The calibration of complex computer codes using uncertainty quantification (UQ) methods is a rich area of statistical methodological development. When applying these techniques to simulators with spatial output, it is now standard to use principal component decomposition to reduce the dimensions of the outputs in order to allow Gaussian process emulators to predict the output for calibration. We introduce the “terminal case,” in which the model cannot reproduce observations to within model discrepancy, and for which standard calibration methods in UQ fail to give sensible results. We show that even when there is no such issue with the model, the standard decomposition on the outputs can and usually does lead to a terminal case analysis. We present a simple test to allow a practitioner to establish whether their experiment will result in a terminal case analysis, and a methodology for defining calibration-optimal bases that avoid this whenever it is not inevitable. We present the optimal rotation algorithm for doing this, and demonstrate its efficacy for an idealized example for which the usual principal component methods fail. We apply these ideas to the CanAM4 model to demonstrate the terminal case issue arising for climate models. We discuss climate model tuning and the estimation of model discrepancy within this context, and show how the optimal rotation algorithm can be used in developing practical climate model tuning tools. Supplementary materials for this article are available online.

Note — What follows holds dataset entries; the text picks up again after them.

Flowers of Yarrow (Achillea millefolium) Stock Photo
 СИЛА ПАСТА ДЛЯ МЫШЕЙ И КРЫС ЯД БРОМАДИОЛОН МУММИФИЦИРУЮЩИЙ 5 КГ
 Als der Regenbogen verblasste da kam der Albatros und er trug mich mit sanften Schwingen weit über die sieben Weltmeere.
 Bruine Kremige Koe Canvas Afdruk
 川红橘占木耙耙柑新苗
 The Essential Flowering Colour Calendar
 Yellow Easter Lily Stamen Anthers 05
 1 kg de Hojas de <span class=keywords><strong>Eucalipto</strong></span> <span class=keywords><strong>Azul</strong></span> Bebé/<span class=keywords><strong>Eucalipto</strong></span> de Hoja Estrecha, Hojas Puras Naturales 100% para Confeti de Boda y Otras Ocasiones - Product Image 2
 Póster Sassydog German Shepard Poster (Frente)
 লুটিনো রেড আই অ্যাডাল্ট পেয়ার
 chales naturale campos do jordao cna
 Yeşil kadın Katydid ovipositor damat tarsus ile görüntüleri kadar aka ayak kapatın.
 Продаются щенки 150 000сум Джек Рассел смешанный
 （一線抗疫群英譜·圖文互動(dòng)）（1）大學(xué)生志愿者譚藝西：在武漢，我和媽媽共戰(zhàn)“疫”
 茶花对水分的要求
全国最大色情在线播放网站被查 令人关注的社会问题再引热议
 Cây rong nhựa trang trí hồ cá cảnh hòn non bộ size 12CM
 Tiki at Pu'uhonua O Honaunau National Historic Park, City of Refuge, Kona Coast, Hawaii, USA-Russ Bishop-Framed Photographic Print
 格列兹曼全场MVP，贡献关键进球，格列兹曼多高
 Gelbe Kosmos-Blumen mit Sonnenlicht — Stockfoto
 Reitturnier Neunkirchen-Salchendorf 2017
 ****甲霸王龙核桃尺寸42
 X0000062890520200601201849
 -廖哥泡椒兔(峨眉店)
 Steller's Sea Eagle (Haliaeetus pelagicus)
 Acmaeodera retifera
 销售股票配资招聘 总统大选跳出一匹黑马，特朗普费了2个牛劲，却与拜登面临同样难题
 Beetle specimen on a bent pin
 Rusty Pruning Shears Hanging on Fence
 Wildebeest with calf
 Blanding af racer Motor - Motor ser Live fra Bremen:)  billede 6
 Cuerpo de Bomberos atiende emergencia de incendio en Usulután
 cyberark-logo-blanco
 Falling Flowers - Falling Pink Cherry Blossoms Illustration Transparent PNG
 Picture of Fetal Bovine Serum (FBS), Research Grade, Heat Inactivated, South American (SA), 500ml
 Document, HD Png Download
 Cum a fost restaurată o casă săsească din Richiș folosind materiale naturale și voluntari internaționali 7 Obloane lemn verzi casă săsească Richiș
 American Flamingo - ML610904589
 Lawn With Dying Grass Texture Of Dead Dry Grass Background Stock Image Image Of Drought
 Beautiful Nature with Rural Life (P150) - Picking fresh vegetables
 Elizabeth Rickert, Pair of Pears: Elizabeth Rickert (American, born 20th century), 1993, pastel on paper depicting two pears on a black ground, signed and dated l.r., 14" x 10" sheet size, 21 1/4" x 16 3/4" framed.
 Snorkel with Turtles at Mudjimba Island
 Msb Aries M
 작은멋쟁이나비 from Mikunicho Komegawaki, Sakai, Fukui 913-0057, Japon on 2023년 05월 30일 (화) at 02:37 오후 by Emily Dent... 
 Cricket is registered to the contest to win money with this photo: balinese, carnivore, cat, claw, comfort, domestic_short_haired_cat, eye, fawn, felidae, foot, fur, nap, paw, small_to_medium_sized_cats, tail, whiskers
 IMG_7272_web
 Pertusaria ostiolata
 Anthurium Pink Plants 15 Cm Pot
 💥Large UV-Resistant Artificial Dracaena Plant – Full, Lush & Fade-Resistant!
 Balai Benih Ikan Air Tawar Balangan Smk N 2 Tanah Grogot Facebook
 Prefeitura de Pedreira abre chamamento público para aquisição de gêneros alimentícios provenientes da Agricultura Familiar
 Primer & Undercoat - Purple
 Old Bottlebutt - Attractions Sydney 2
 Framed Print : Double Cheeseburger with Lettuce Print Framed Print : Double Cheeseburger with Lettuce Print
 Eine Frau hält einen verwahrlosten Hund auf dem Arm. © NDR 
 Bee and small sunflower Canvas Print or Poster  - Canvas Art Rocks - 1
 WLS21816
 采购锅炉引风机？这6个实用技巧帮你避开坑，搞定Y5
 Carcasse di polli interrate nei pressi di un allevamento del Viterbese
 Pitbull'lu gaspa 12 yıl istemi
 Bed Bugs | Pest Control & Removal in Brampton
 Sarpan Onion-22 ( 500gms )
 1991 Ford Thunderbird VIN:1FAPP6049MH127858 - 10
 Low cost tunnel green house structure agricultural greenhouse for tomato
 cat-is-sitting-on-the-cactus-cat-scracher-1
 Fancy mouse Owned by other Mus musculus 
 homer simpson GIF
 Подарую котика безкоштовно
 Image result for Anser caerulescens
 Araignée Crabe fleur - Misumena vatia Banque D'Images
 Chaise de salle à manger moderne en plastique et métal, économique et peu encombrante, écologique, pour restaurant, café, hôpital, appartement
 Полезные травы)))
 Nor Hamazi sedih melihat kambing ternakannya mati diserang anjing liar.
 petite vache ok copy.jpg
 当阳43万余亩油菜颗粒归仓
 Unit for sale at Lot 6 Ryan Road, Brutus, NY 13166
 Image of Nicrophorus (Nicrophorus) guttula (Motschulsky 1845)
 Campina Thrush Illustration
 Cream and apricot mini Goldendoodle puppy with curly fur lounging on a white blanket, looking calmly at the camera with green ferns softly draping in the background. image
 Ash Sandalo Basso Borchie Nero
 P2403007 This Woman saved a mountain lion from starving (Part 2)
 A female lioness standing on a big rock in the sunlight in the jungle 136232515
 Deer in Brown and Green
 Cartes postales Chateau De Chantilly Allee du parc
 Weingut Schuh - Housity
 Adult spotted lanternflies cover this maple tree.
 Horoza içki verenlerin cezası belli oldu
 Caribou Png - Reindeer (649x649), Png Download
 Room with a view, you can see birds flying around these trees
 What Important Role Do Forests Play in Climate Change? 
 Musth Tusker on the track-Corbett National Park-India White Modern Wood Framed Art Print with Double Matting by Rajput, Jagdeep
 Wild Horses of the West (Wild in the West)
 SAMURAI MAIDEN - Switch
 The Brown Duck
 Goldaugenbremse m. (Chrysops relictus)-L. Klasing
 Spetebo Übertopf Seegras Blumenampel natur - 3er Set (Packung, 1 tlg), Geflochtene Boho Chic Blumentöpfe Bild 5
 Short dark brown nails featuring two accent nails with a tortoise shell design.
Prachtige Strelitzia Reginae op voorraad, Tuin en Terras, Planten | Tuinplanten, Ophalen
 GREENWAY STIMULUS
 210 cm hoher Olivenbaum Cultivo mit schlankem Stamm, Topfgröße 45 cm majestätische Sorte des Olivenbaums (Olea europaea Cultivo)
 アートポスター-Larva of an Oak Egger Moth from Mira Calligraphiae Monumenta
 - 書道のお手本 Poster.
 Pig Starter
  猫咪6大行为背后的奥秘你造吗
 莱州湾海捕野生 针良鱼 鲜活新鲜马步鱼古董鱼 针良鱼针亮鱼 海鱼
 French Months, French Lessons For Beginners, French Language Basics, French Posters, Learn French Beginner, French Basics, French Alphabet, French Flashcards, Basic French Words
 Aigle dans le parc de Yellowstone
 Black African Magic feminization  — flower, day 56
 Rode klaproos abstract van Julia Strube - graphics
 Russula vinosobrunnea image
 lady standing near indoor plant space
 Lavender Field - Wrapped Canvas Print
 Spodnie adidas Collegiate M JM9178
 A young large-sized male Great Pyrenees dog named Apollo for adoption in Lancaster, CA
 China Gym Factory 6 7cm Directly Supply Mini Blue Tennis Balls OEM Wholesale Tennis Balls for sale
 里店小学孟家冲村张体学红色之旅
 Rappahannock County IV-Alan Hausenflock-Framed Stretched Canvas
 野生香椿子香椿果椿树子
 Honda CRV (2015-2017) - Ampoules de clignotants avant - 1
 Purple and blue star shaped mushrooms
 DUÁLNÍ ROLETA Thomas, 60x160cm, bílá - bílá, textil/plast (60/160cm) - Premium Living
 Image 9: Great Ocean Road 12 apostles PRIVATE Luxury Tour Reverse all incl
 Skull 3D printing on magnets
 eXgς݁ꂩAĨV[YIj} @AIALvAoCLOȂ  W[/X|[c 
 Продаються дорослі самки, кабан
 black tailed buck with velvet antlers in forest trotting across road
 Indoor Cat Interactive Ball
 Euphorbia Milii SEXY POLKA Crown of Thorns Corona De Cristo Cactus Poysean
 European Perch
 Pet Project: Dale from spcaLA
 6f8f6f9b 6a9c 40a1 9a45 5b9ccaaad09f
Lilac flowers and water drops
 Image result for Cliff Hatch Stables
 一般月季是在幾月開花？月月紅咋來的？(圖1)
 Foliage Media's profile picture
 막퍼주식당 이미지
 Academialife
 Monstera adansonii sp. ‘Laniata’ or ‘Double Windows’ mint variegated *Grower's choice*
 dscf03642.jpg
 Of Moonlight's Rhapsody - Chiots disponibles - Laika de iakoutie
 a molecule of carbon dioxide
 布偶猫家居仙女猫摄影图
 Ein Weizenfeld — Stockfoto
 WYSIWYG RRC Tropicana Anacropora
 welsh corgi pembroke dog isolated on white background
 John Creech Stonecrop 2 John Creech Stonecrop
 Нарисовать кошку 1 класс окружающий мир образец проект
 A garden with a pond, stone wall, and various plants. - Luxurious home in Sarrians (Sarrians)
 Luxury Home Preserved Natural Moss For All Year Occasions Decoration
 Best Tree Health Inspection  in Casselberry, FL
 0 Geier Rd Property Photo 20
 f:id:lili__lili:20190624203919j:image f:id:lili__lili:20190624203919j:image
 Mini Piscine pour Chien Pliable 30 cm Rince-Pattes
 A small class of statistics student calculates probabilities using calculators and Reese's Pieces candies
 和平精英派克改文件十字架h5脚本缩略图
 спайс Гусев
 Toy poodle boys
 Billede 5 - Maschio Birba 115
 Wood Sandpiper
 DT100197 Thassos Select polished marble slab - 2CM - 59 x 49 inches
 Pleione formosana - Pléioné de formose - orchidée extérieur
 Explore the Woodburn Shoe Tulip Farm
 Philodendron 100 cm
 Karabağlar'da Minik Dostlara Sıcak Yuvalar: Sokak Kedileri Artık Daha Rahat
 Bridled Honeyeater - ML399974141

利用不确定性量化（uncertainty quantification, UQ）方法开展复杂计算机代码的校准研究，是统计方法论发展的一个活跃领域。当将此类技术应用于带有空间输出的模拟器时，当前的标准流程是采用主成分分解（principal component decomposition）对输出维度进行降维，以便高斯过程模拟器（Gaussian process emulators）能够为校准任务预测输出结果。我们提出了“终端情形（terminal case）”这一概念：当模型无法在模型偏差范围内复现观测值时，常规的UQ校准方法无法得到合理的结果。我们证明，即便模型不存在上述问题，对输出进行的标准主成分分解也可能且通常会触发终端情形分析。我们提出了一项简易测试，可帮助研究人员判断其开展的实验是否会出现终端情形；同时给出了一套用于定义校准最优基的方法论，在非不可避免的情况下可规避该问题。我们提出了用于实现该目标的最优旋转算法（optimal rotation algorithm），并通过一个理想示例验证了其有效性——该示例中常规主成分方法会失效。我们将这些思路应用于CanAM4模型，以展示气候模型中存在的终端情形问题。我们讨论了气候模型调优以及该背景下的模型偏差估计，并阐明了最优旋转算法如何可用于开发实用的气候模型调优工具。本文的补充材料可在线获取。